Entre 1292 et 1299, Héthoum de Korikos aurait fait un pèlerinage à Notre-Dame de Vauvert, sans savoir s'il s'agit du Vauvert de Paris ou du Vauvert gardois[6]. En 1305, Vauvert accueille le pape Clément V, puis Guillaume de Nogaret en 1311[7]. Le roi Charles IV le Bel, après avoir battu les Flamands, oblige 300 d'entre eux à effectuer des pèlerinages. 100 de ces pèlerins sont dirigés vers St Gilles et Vauvert. Impressionnés par les représentations théâtrales données sur le parvis de la cathédrale, appelées "diableries" (mystères qui font intervenir Satan), ils parleront longtemps, à leur retour, du diable de Vauvert, comme d'une chose fantastique mais située très loin : "au diable Vauvert"[8]. Pendant tout le XIV et XVe siècle, Vauvert est réputée pour son pèlerinage de la Vierge : la cathédrale est agrandie fréquemment pour accueillir toujours plus de pèlerins. Elle est considérée comme la plus belle du Languedoc[9].

Dès le XVIe siècle, des documents révèlent la ruine du château et la dégradation de la cathédrale. En 1538, Vauvert accueille le roi François I et toute sa cour[10].

Guerres de religions[modifier | modifier le code]

Vauvert est touchée par les guerres de religion au XVIe siècle. En septembre 1562, les luthériens battent les catholiques dans la plaine de St Gilles et détruisent l'abbatiale de cette ville. A Vauvert, 30 prêtres et fidèles sont massacrés, le cimetière usurpé, tous les édifices religieux sont détruits (2 églises, 10 chapelles, 4 prieurés ruraux), la cure (presbytère) est détruite et remplacée par un immeuble pour loger les pasteurs protestants. Les seuls vestiges clairement identifiés qu’il reste de la Cathédrale de Vauvert sont : une tête de gargouille qui a été incluse, comme élément décoratif, dans le mur de la maison à l’angle de la rue Voltaire et de la rue Broussan et une autre sculpture visible au n° 50 de la rue des Juifs. Dans le but de restaurer l'autorité royale meurtrie par les conflits religieux, et afin de réconcilier catholiques et protestants, la régente Catherine de Médicis organise le Grand tour de France de Charles IX et sa cour entre 1564 et 1566. Après s'être arrêté à Nîmes pendant deux jours, et après avoir visité le pont du Gard pour y assister à des spectacles de nymphées, le roi fait étape à Vauvert les 14 et 15 décembre 1564. Il y dîne et y dort, et poursuit son périple en se rendant à Aigues-Mortes [11]. Dans les années 1590-1600, les remparts sont reconstruits et une nouvelle église bâtie mais en 1622 nouvelle destruction de la cité, le château est rasé.
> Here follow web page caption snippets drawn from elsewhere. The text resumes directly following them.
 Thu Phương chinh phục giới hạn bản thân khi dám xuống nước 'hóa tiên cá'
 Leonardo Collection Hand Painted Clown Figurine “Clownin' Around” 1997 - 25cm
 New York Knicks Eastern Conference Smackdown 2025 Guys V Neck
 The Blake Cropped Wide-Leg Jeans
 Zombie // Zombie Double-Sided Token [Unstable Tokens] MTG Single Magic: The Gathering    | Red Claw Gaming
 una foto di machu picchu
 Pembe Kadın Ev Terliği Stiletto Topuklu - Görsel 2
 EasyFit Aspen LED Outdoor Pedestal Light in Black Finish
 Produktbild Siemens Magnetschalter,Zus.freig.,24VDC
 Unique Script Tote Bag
Dans les années 1650-1670, Vauvert retrouve peu à peu son église et son presbytère inaugurés en 1689 : c'est l'actuelle église. Lors de la Révocation de l'Edit de Nantes, en 1685, par Louis XIV, le temple situé sur l'actuelle place de la Révolution est détruit.
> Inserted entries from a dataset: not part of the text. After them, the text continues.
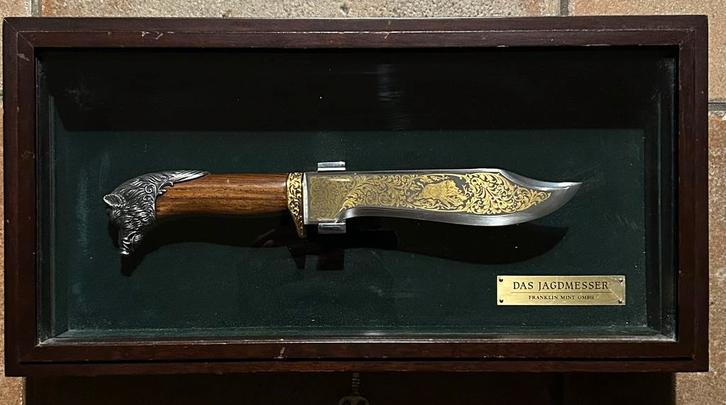 Bowie knife “Das Jagdmesser” Franklin Mint, Verzamelen, Militaria | Algemeen, Overige soorten, Mes of Dolk, Amerika, Ophalen of Verzenden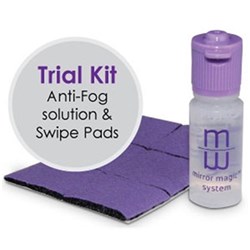 Mirror Magic Antifog Trial Kit 2x6ml Bottles 24 Swipe Pads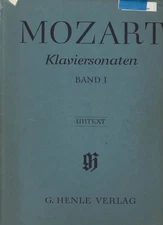 Score: Mozart. Klaviersonaten 1 / Piano Sonatas, volume 1. Henle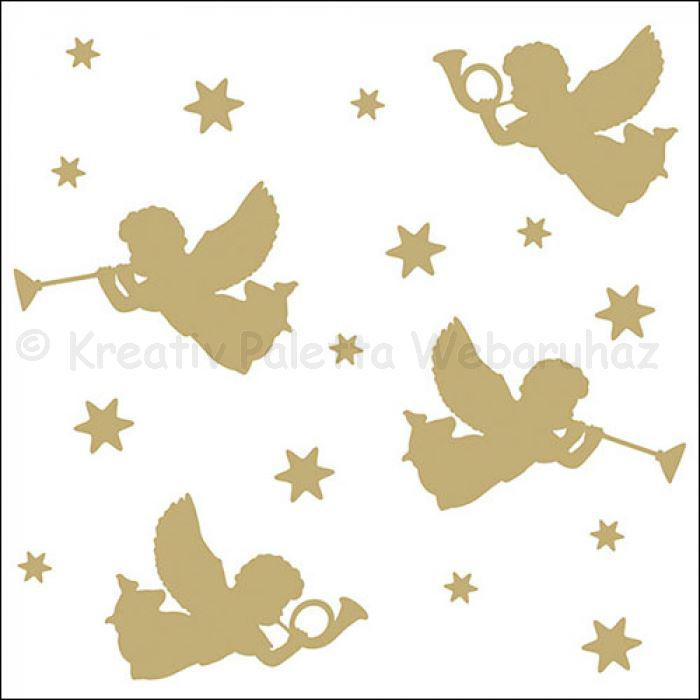 Szalvéta - angyalkák, arany
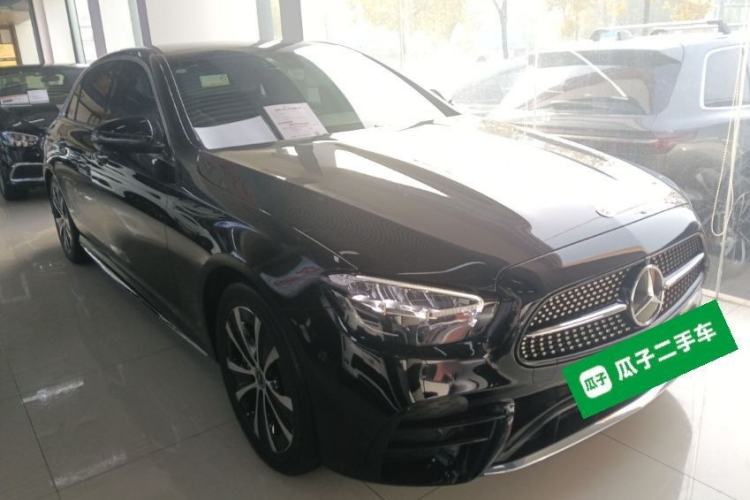 Used Mercedes-Benz E-Class New Energy 2023 E 350 e L Plug-in Hybrid Sports Sedan
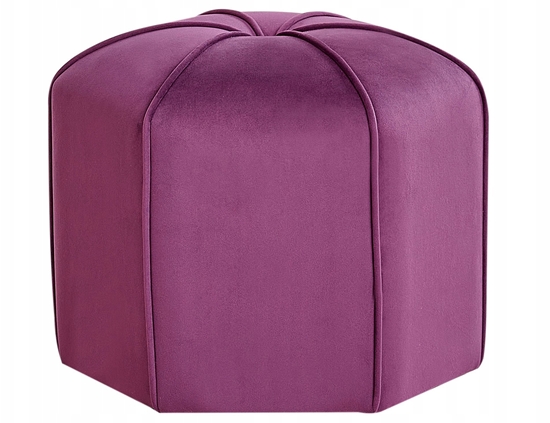 Picture of Beliani Puf welurowy  45 cm fioletowy WISHEK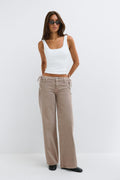 Tied up loose jeans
La cité fut violemment marquée comme ce 22 mars 1702 où quatorze camisards sont condamnés aux galères perpétuelles, trois filles fouettées et un jeune homme nommé Petit-Marc, accusé d'être le prédicateur, est pendu devant l'église le 3 juin. L'église est incendiée. On décide de protéger la ville de remparts : il ne reste actuellement que la porte de Saint Gilles. En janvier 1703, le comte de Broglie passe par Vauvert. En septembre 1707, Baville fait condamner des protestants à Vauvert[12].
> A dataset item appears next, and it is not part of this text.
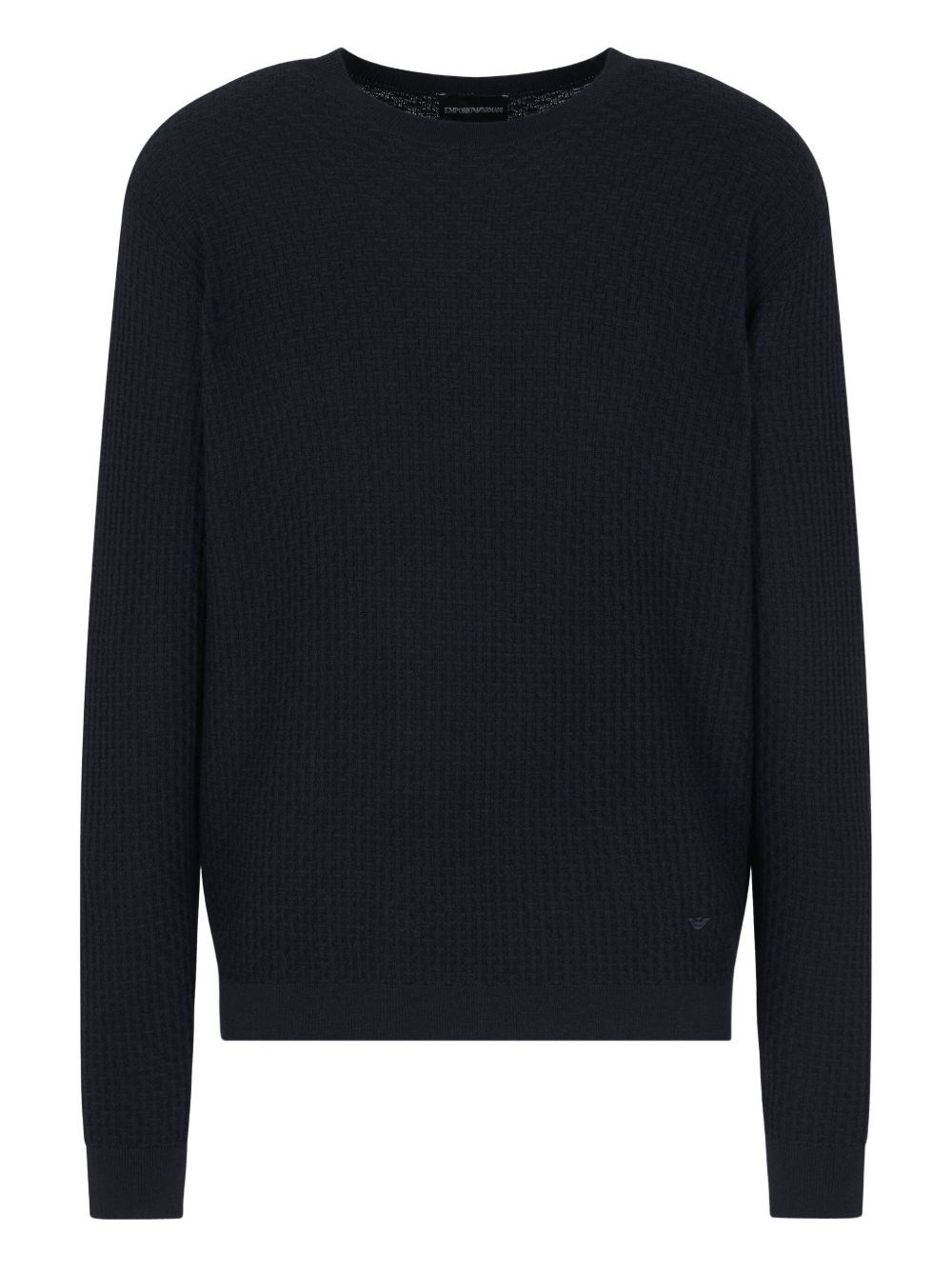 Emporio Armani Wool Crewneck Jumper - Emporio Armani - Modalova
Avec la révocation de l'Édit de Nantes, les protestants se cachèrent. Ils se réunissaient alors dans les bois des alentours pour célébrer leur culte. Malgré les guerres de religion et la diffusion de la Réforme dans la région, Vauvert reste une étape incontournable du pèlerinage vers Saint-Jacques-de-Compostelle tout comme Arles et Saint Gilles. Nous connaissons tout particulièrement le récit de voyage de Nicolas Albani, pèlerin napolitain qui, en 1743, se rend à St Jacques à partir d'Arles et passe donc à Vauvert, à une période où la peste touche la Provence[13].

Commencée en 1812, la construction du grand temple protestant par l'architecte Charles Durand fut achevée en 1816. L'édifice de style néoclassique avec vaste portique à colonnes en forme d'hémicycle contenant près de 2 000 places, fut inauguré par le préfet en 1819. En 1868, une scission divisa la communauté protestante de Vauvert et une partie de ses membres se rattacha à l'église réformée évangélique, professant une théologie plus « orthodoxe ». Celle-ci fit construire un temple, inauguré en 1869, qu'on désigna à Vauvert comme le Petit Temple.

Jusque dans la seconde moitié du XXe siècle, le cimetière resta divisé par un mur séparant les sépultures catholiques et protestantes.

Périodes moderne et contemporaine[modifier | modifier le code]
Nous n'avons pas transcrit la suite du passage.